Mixer/hermes-sync

Fork 0

Files

Mixer 1eba2bca95 Sync all skills and memories 2026-04-14 07:27

2026-04-14 07:27:20 +09:00

12 KiB

Raw Blame History

Segment Anything Troubleshooting Guide

Installation Issues

CUDA not available

Error: RuntimeError: CUDA not available

Solutions:

# Check CUDA availability
import torch
print(torch.cuda.is_available())
print(torch.version.cuda)

# Install PyTorch with CUDA
pip install torch torchvision --index-url https://download.pytorch.org/whl/cu121

# If CUDA works but SAM doesn't use it
sam = sam_model_registry["vit_h"](checkpoint="sam_vit_h_4b8939.pth")
sam.to("cuda")  # Explicitly move to GPU

Import errors

Error: ModuleNotFoundError: No module named 'segment_anything'

Solutions:

# Install from GitHub
pip install git+https://github.com/facebookresearch/segment-anything.git

# Or clone and install
git clone https://github.com/facebookresearch/segment-anything.git
cd segment-anything
pip install -e .

# Verify installation
python -c "from segment_anything import sam_model_registry; print('OK')"

Missing dependencies

Error: ModuleNotFoundError: No module named 'cv2' or similar

Solutions:

# Install all optional dependencies
pip install opencv-python pycocotools matplotlib onnxruntime onnx

# For pycocotools on Windows
pip install pycocotools-windows

Model Loading Issues

Checkpoint not found

Error: FileNotFoundError: checkpoint file not found

Solutions:

# Download correct checkpoint
wget https://dl.fbaipublicfiles.com/segment_anything/sam_vit_h_4b8939.pth

# Verify file integrity
md5sum sam_vit_h_4b8939.pth
# Expected: a7bf3b02f3ebf1267aba913ff637d9a2

# Use absolute path
sam = sam_model_registry["vit_h"](checkpoint="/full/path/to/sam_vit_h_4b8939.pth")

Model type mismatch

Error: KeyError: 'unexpected key in state_dict'

Solutions:

# Ensure model type matches checkpoint
# vit_h checkpoint → vit_h model
sam = sam_model_registry["vit_h"](checkpoint="sam_vit_h_4b8939.pth")

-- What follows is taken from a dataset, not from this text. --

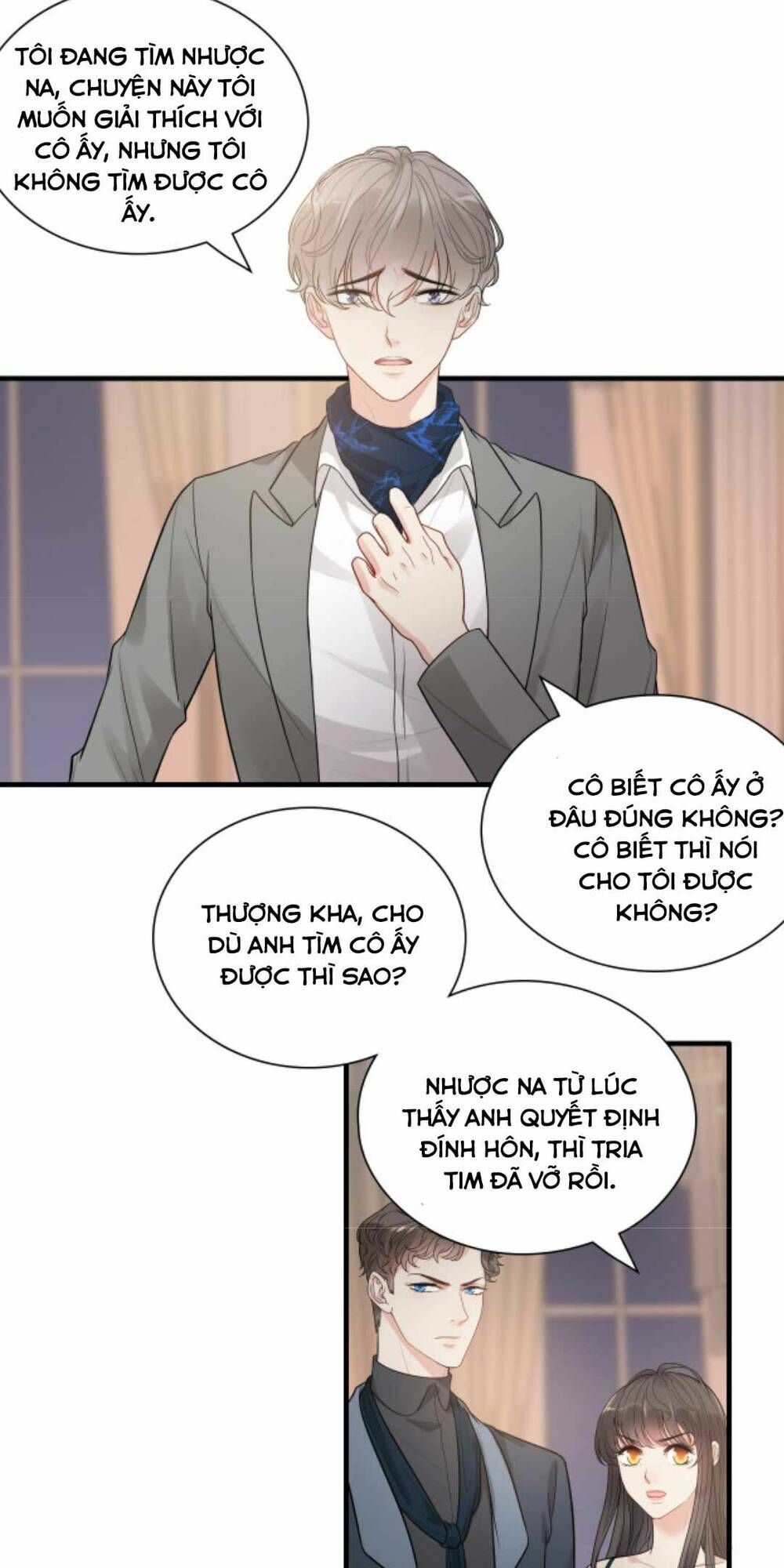 Cô Vợ Hợp Đồng Bỏ Trốn Của Tổng Giám Đốc Chapter 433 - 10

# vit_l checkpoint → vit_l model
sam = sam_model_registry["vit_l"](checkpoint="sam_vit_l_0b3195.pth")

# vit_b checkpoint → vit_b model
sam = sam_model_registry["vit_b"](checkpoint="sam_vit_b_01ec64.pth")

Out of memory during load

Error: CUDA out of memory during model loading

Solutions:

# Use smaller model
sam = sam_model_registry["vit_b"](checkpoint="sam_vit_b_01ec64.pth")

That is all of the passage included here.